Command line administration and configuration as it is used today should be still available. The described admin gui can never replace a fine tuned, shell script administered nutch, but it can help to get users faster and easier started with nutch. A easy to use webbased configuration and administration gui would also help to increase the user basis of nutch.
This link provides the best working prototype of an example admin gui, it also provides a heap of material relating to what kind and level of functionality the Nutch webapp should support.
A New Nutch Instance
Example Crawl 1
Example Crawl 2
Example Crawl 3
Description Admin Gui:
There are three main functionalities of the admin gui
- Be able to start all nutch tools like the fetch tool by an api call. This requires some minor changes in some tools that contain some simple logic processing already in the main method.
- Api based job starting from a container and also the ability to have multiple instances running in one jvm require the ability to pass a nutch conf instance within the call stack.

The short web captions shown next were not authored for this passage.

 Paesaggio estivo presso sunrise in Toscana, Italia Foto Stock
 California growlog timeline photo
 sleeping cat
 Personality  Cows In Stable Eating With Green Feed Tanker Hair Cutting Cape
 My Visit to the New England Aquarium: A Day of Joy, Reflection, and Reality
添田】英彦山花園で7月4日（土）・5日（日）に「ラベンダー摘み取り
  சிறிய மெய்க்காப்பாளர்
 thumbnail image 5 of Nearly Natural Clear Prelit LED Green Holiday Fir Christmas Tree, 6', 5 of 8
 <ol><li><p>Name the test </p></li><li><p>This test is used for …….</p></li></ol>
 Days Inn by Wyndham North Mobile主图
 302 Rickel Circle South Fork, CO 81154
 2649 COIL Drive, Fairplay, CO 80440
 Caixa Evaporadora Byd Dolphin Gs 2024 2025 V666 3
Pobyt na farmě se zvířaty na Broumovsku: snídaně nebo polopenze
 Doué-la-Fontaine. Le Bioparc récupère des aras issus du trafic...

- working folder centralized data storage. For example storing index inside a segment folder, to be able to connect indexes and segement data physically.
- Segment status tracking is required to allow or prohibit functionality in the admin gui. This can simple realized by writing status identify files into the folder as partly already done with index.done.
- add gui related information like, valueType, validationPattern, defaultValue to configuration file.
Starting processes in seperated JVMs as tasktracker does? Split configuration file into pieces of add category node.